EXERCISE INPUT below:

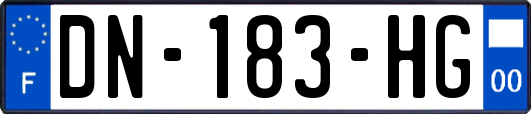 DN-183-HG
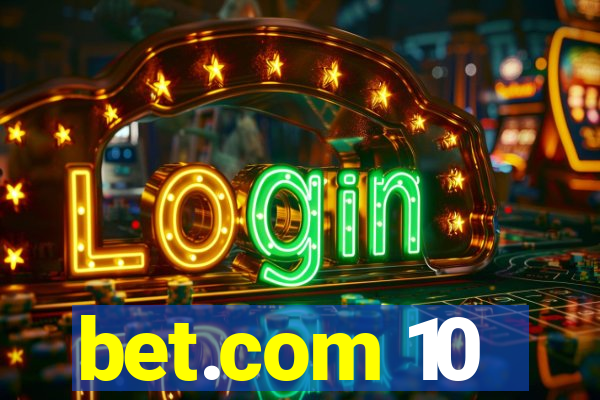 bet.com 10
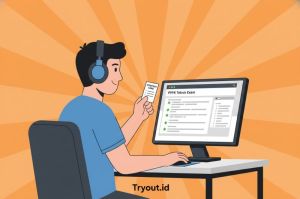 Raih Strategi Sukses Tes Kompetensi PPPK Teknis 2026: Bank Soal dan Kunci Jawaban?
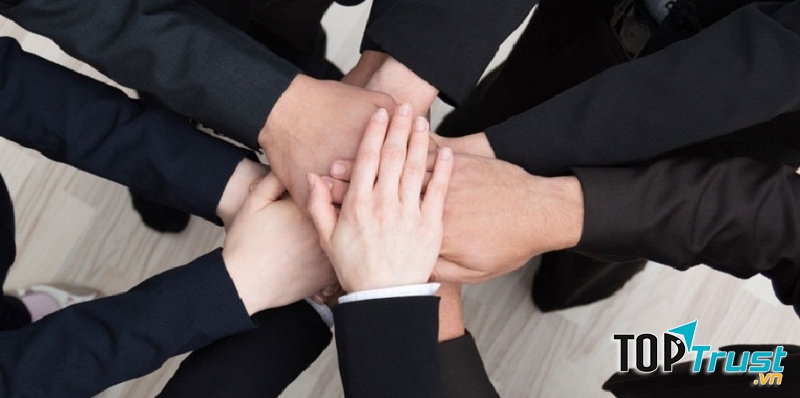 Biểu tượng cho những nỗ lực phát triển hoàn thiện của Tân Phát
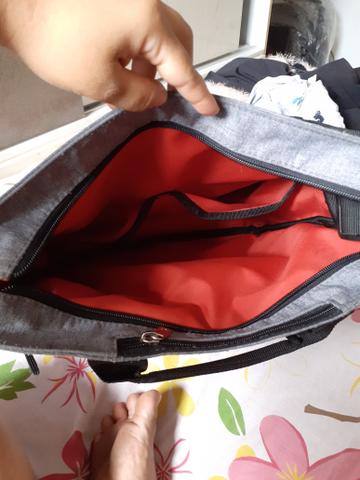 Bolsa maternidade da skip hop - Foto 3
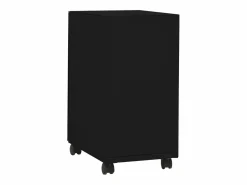 Archivador móvil 30x45x59 cm Acero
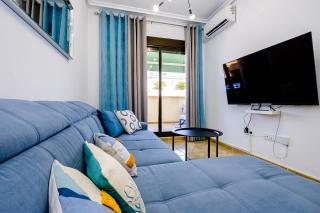 Holiday Penthouse San Miguel 5-8 - Torrevieja - 5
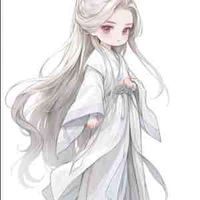 Bạch Tuyết Nhi (1 tuổi )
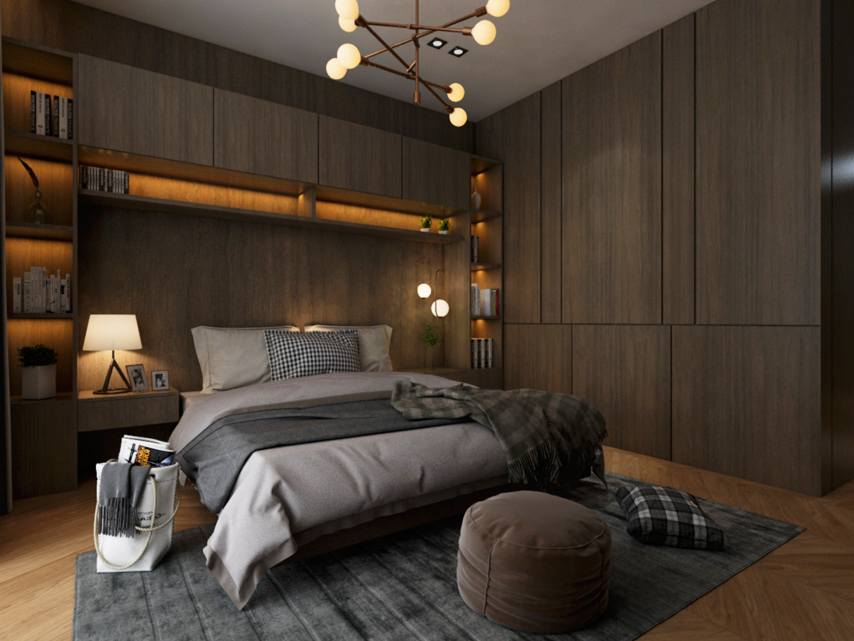 Dubai Apartement 52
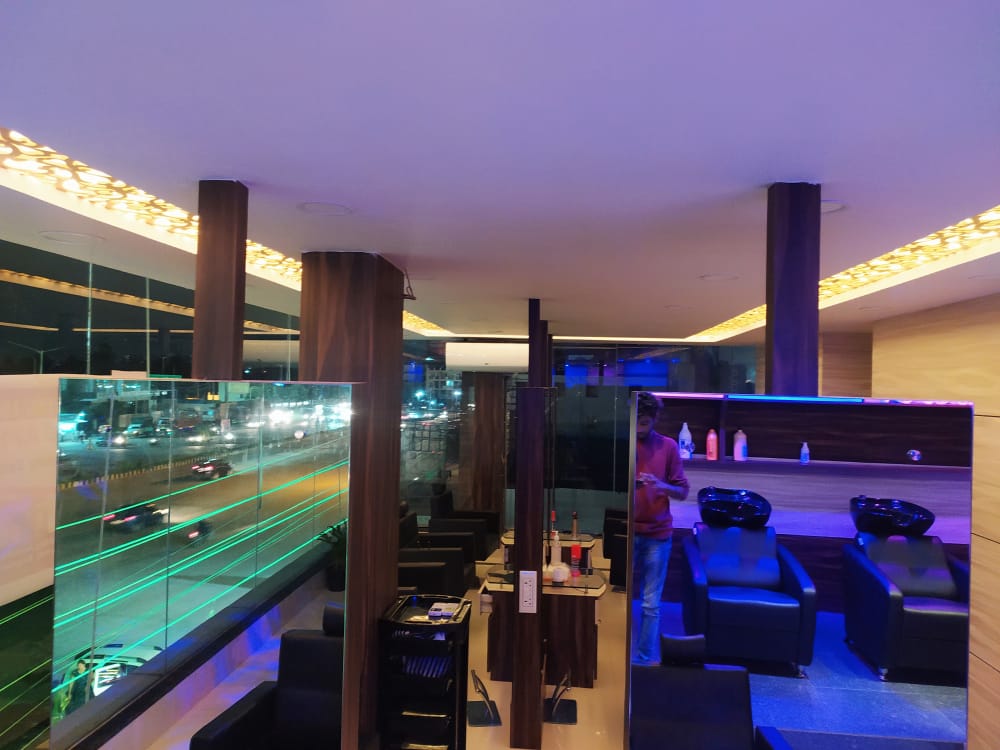 Aphrodyt Family Salon Hoskote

End of EXERCISE INPUT.

§ YOUR OBJECTIVE: A word-for-word copy is required of the lines above from the line with "Archivador móvil 30x45x59 cm Acero" through the last line of the data; no other lines and no pictures belong in it.

§ RESPONSE AREA:
 Archivador móvil 30x45x59 cm Acero
 Holiday Penthouse San Miguel 5-8 - Torrevieja - 5
 Bạch Tuyết Nhi (1 tuổi )
 Dubai Apartement 52
 Aphrodyt Family Salon Hoskote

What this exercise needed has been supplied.